By Diana Elarde
I check my watch, weighing the time. Just enough minutes to get my morning walk in before I have to shower and leave to get my mother. The clock in my mind ticks as I try to locate shoes, my music and the keys to the condo. Finally ready, I confirm my allotted time, the music starts as I walk down the steps from the condo on to the sidewalk.
Once outside I see the crowd gathering in the town park down the street. Parked cars are lined up and down, and the end, the corner is blocked off. As I approach the park I see people in their running outfits, preparing for a morning run through the streets. Some runners are on the ground stretching to loosen morning muscles. Others use their car as leverage; placing legs and arms in odd positions on fenders and open doors to achieve the same goal. Stretched and warm, they jog to the park.
Somehow I missed the announcement about this event. My morning walk is now interrupted, requiring me to skirt around those who have the priority today.
It is not that I mind the presence of the others, it is that I have gotten used to the quiet walks, with the morning sounds or my music. I usually don’t have to dodge and avoid packs of runners, blocked off roads or policemen serious about protecting the runners as they cross streets.
I find a flyer on a pole. “Support our Father’s Day Run, our fathers are important!”
Ah, Father’s Day. I had tried all week to erase it from my mind. I went out of my way to ignore the cards in the stores, the ads on TV, and mostly the dull ache in my heart. It is my first Father’s Day without my father and I struggle to find where this celebration now exists within me.

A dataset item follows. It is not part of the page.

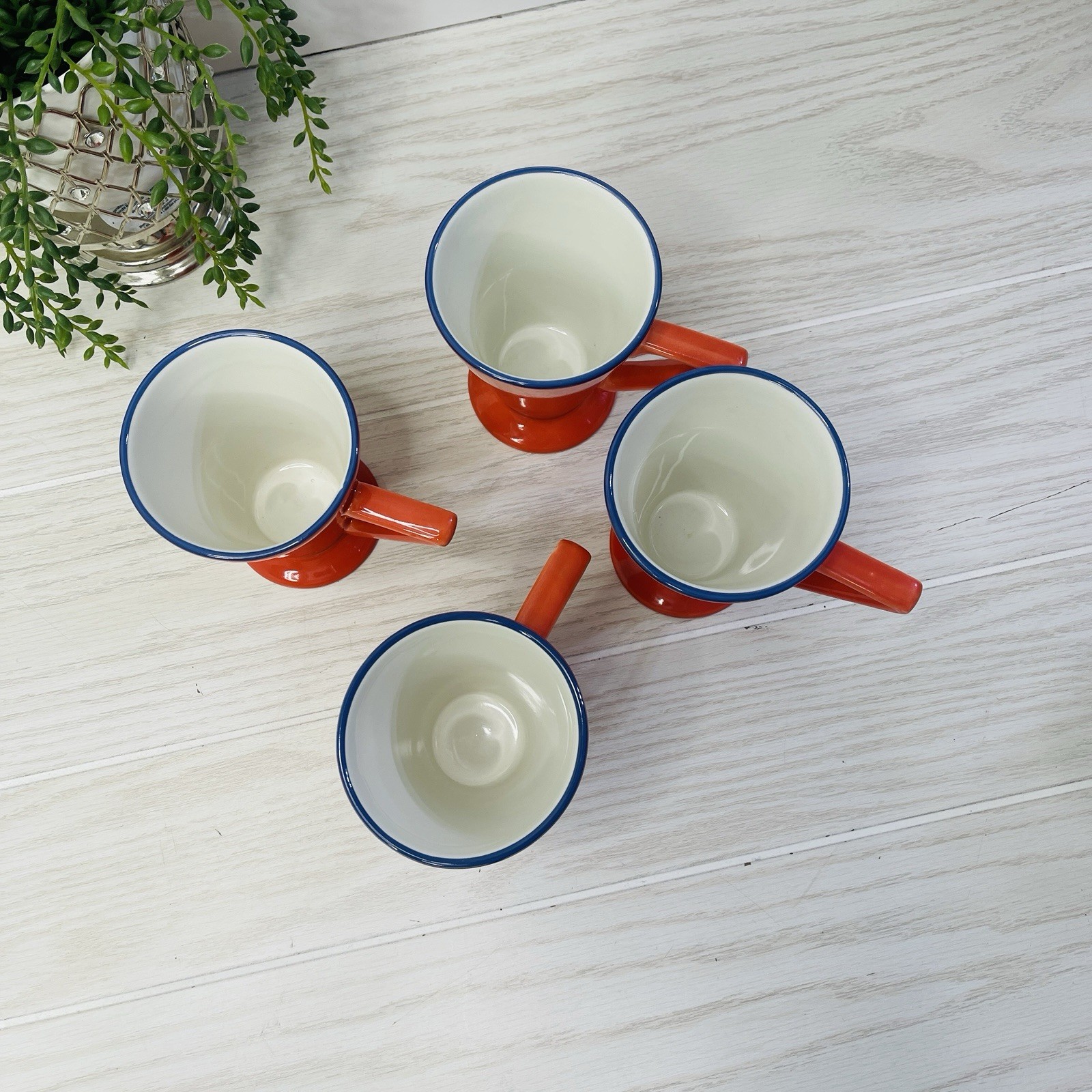 4 Pier 1 Angleterre Mugs Cups England Art Deco Style Ceramic Orange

Later today I will take my mother to the cemetery. The last place we honored his life. We will stand at his graveside, still waiting for the marker to be finished. We will say our hellos, our goodbyes, not knowing now how to celebrate him. Still confused and saddened by the roles we are forced to play now that he has passed.
I look at the pack of runners all anxious to start their run. Fathers hold hands with smaller children, getting them excited to start. The new baby strollers are all revving up with their slick aerodynamic design, carefully crafted for today’s active families.
I tried to explain to my husband this week about the fathers that meet at shops and the farmers’ market with their kids in tow. Early Saturday morning I see children leaving coffee shops with hot chocolate mustaches, sipping their way down the street, steps behind dad and the stroller. The fathers stuff the strollers with their purchases from the farmers’ market, arranging a head of lettuce next to a small child. They stand in groups, watching their kids throw pennies into the park fountain. What do the dads talk about when they meet on the streets? Do they ask, “Hey is your kid rolling over yet?” “How many teeth does he have?” Or do they talk sports. “How about those Tigers?” “Did you catch the last World Cup game?” Or even, did “Venus win her match yesterday?”
I marvel at their level of involvement, their overall enjoyment of spending the time with their children. I like to see the fathers interacting with their children. Somehow in this world it gives me hope. For if more fathers feel connected with their kids, maybe conflict would quiet. Maybe negotiation will be the first choice, not second or third, when differences break out. Maybe we can build a world where children are cherished and do not go to bed hungry or alone. Perhaps by understanding the simple world of a child, the adult world won’t seem so complex. It’s a funny hope. One that doesn’t probably doesn’t make much sense, but I can’t help to feel it is significant for our future.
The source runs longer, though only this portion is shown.